WHAT THE TASK ASKS:
Write out all the data verbatim. Skip images.

--- SUPPLIED RECORDS Enclosed Below ---

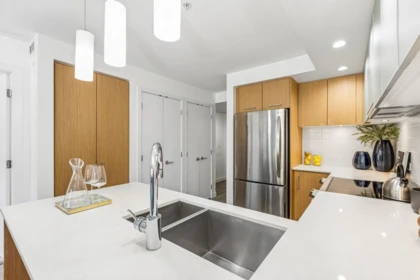 211 221 E 3rd Street, North Vancouver, BC, North Vancouver — Apartment/Condo for sale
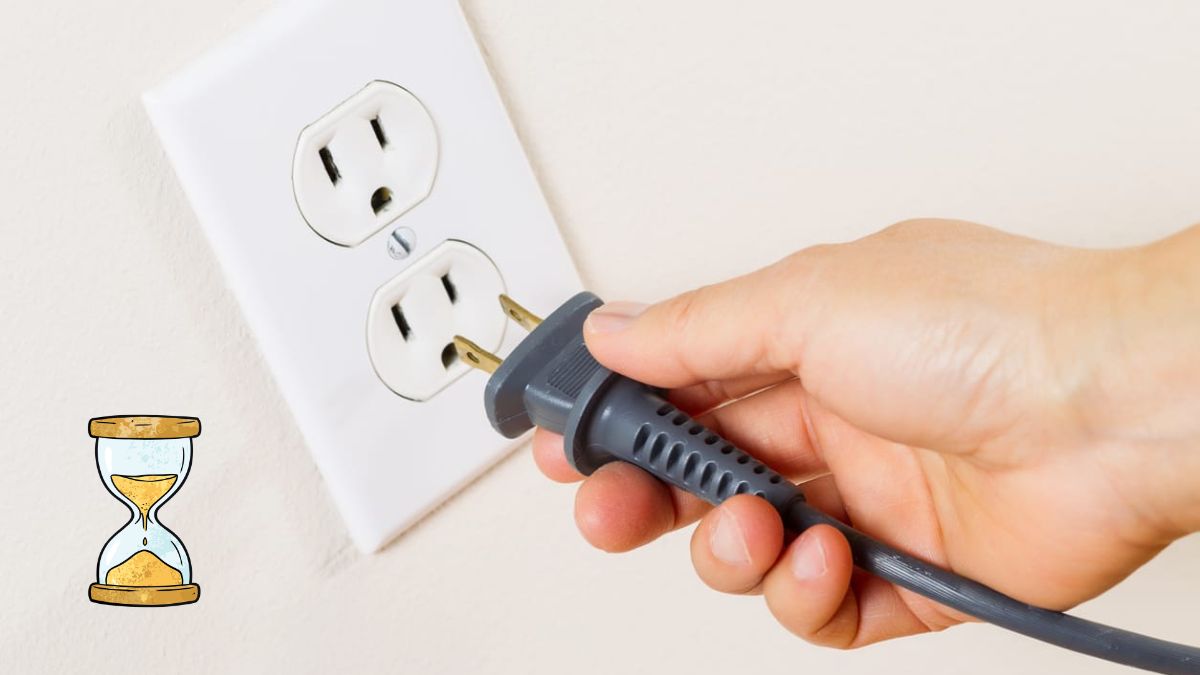 Tủ lạnh rút điện bao lâu thì cắm lại được?
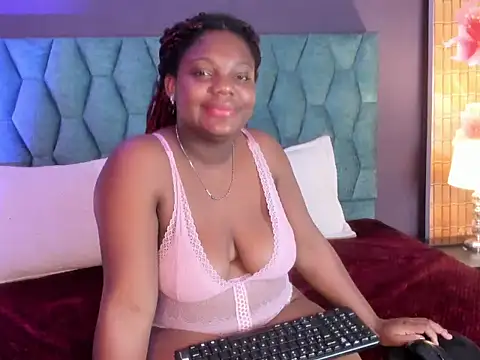 Snapshot of RoxaneMiranda chatting on 05/28/26, 08:48 RoxaneMiranda online show from 05/28/26, 08:48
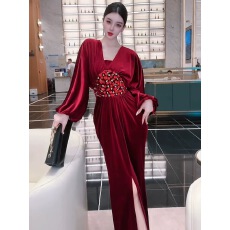 批发宴会成熟优雅女人味精致设计感灯笼袖<b class='q'>彩</b>钻收腰金丝绒礼服长<b class='q'>连衣裙</b>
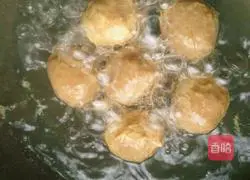 Illustration of how to make stir-fried beef balls 3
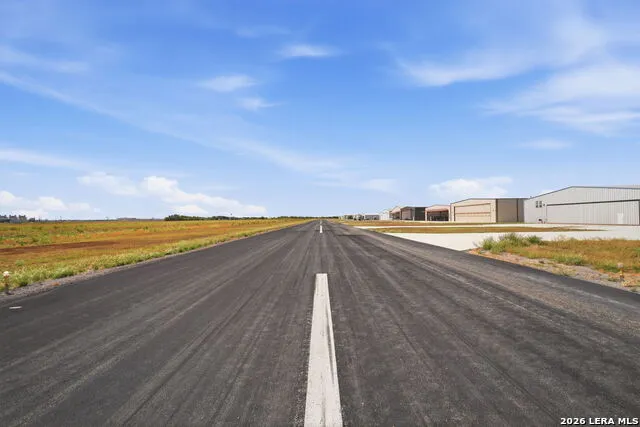 293 Beechcraft Seguin, TX 78155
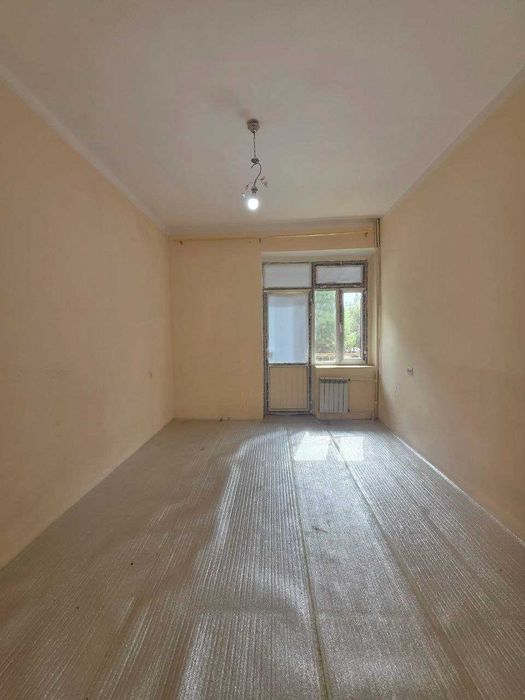 Продаётся 4х комн квартира на 1 этаже Ор-р  5 микрорайон Сомий Шайх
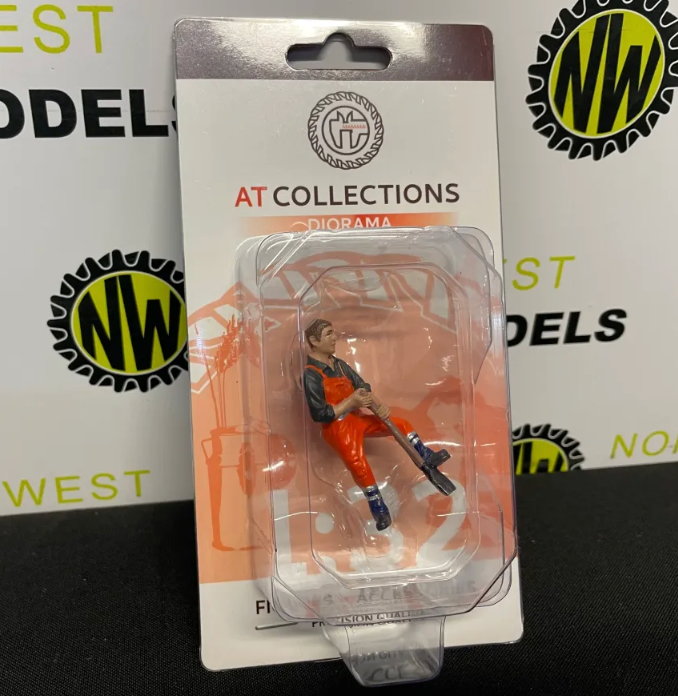 AT COLLECTIONS 1:32 SCALE 32146 ROLAND SPADING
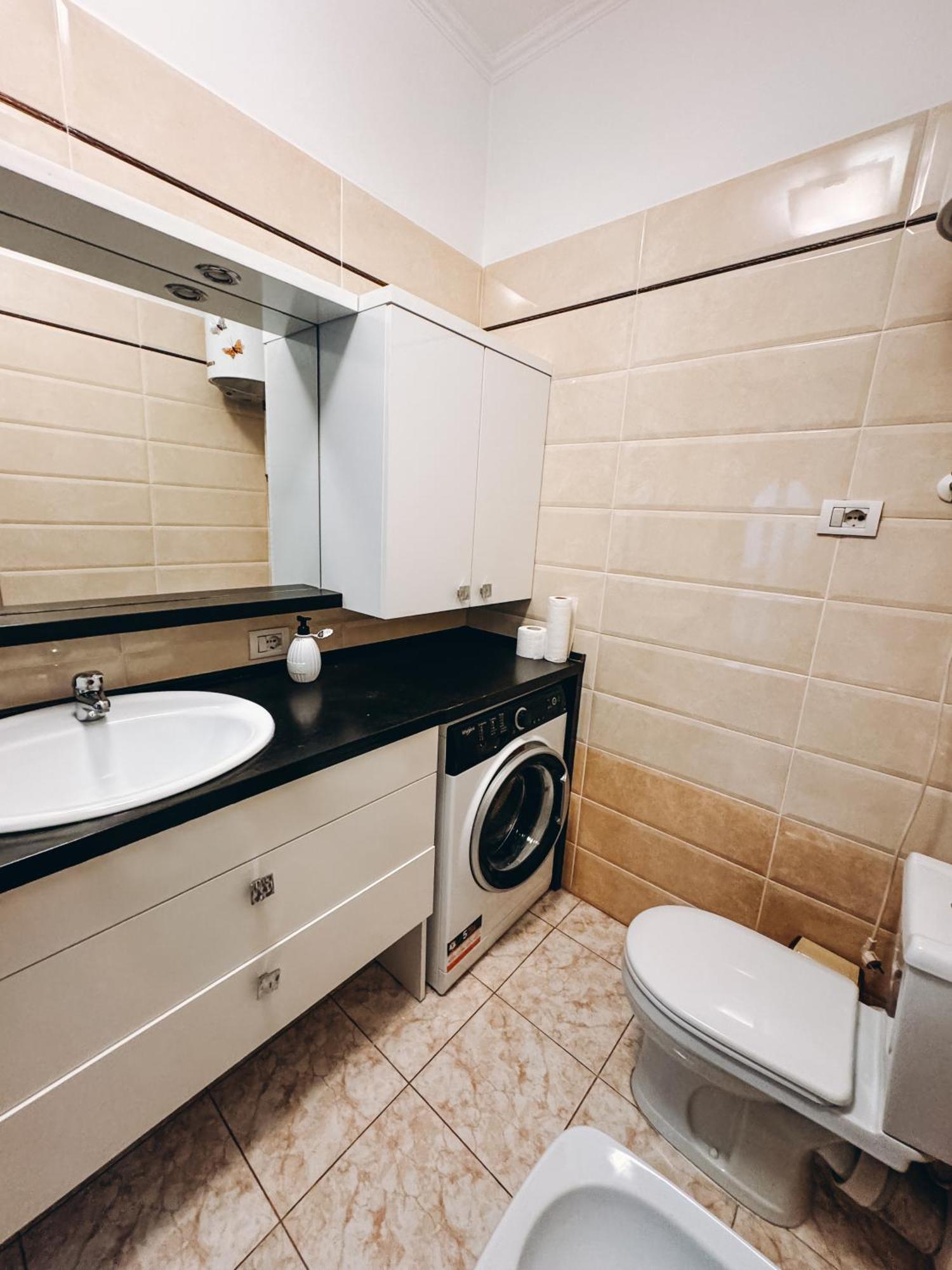 Panoramic Center Flat דירה צ'יסינאו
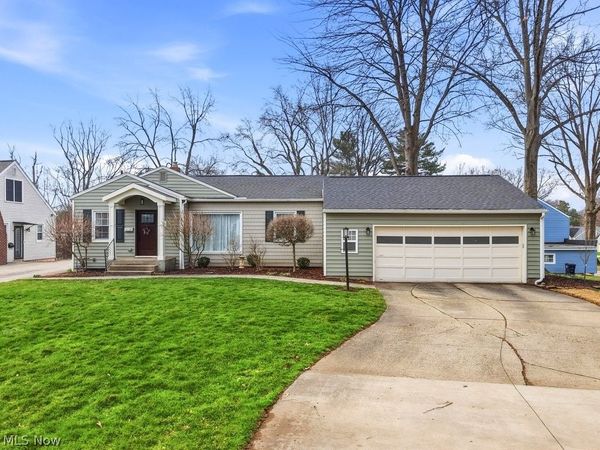 1976 Stabler Road , Akron, OH 44313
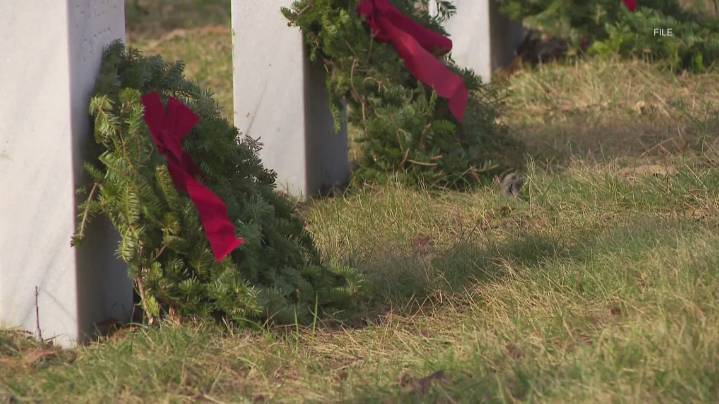 11,000 wreaths donated for veterans' graves at Zachary Taylor National Cemetery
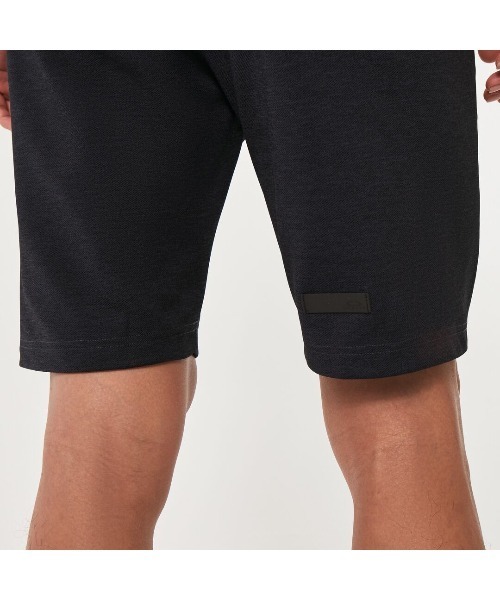 OAKLEY(オークリー)の「オークリー ENHANCE TECH JERSEY SHORTS 9INCH 13.0 / ジャージショーツ /TRAINING スポーツ・トレーニング/OAKLEY(その他パンツ・メンズ・ダークブルー/ブラック/ダークブラック・S/L/M/XL/XS)」の4枚目の写真
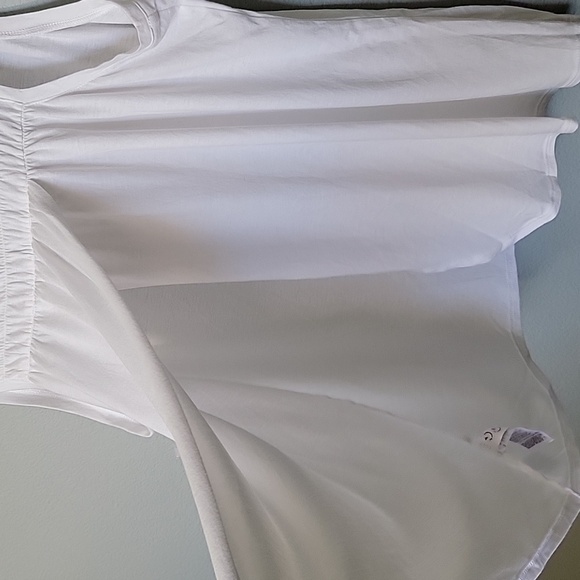 Old Navy XL Casual Summer NWT white split back sleeveless top - Picture 7 of 7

--- End of Enclosed SUPPLIED RECORDS ---

REPLY:
 211 221 E 3rd Street, North Vancouver, BC, North Vancouver — Apartment/Condo for sale
 Tủ lạnh rút điện bao lâu thì cắm lại được?
 Snapshot of RoxaneMiranda chatting on 05/28/26, 08:48 RoxaneMiranda online show from 05/28/26, 08:48
 批发宴会成熟优雅女人味精致设计感灯笼袖<b class='q'>彩</b>钻收腰金丝绒礼服长<b class='q'>连衣裙</b>
 Illustration of how to make stir-fried beef balls 3
 293 Beechcraft Seguin, TX 78155
 Продаётся 4х комн квартира на 1 этаже Ор-р  5 микрорайон Сомий Шайх
 AT COLLECTIONS 1:32 SCALE 32146 ROLAND SPADING
 Panoramic Center Flat דירה צ'יסינאו
 1976 Stabler Road , Akron, OH 44313
 11,000 wreaths donated for veterans' graves at Zachary Taylor National Cemetery
 OAKLEY(オークリー)の「オークリー ENHANCE TECH JERSEY SHORTS 9INCH 13.0 / ジャージショーツ /TRAINING スポーツ・トレーニング/OAKLEY(その他パンツ・メンズ・ダークブルー/ブラック/ダークブラック・S/L/M/XL/XS)」の4枚目の写真
 Old Navy XL Casual Summer NWT white split back sleeveless top - Picture 7 of 7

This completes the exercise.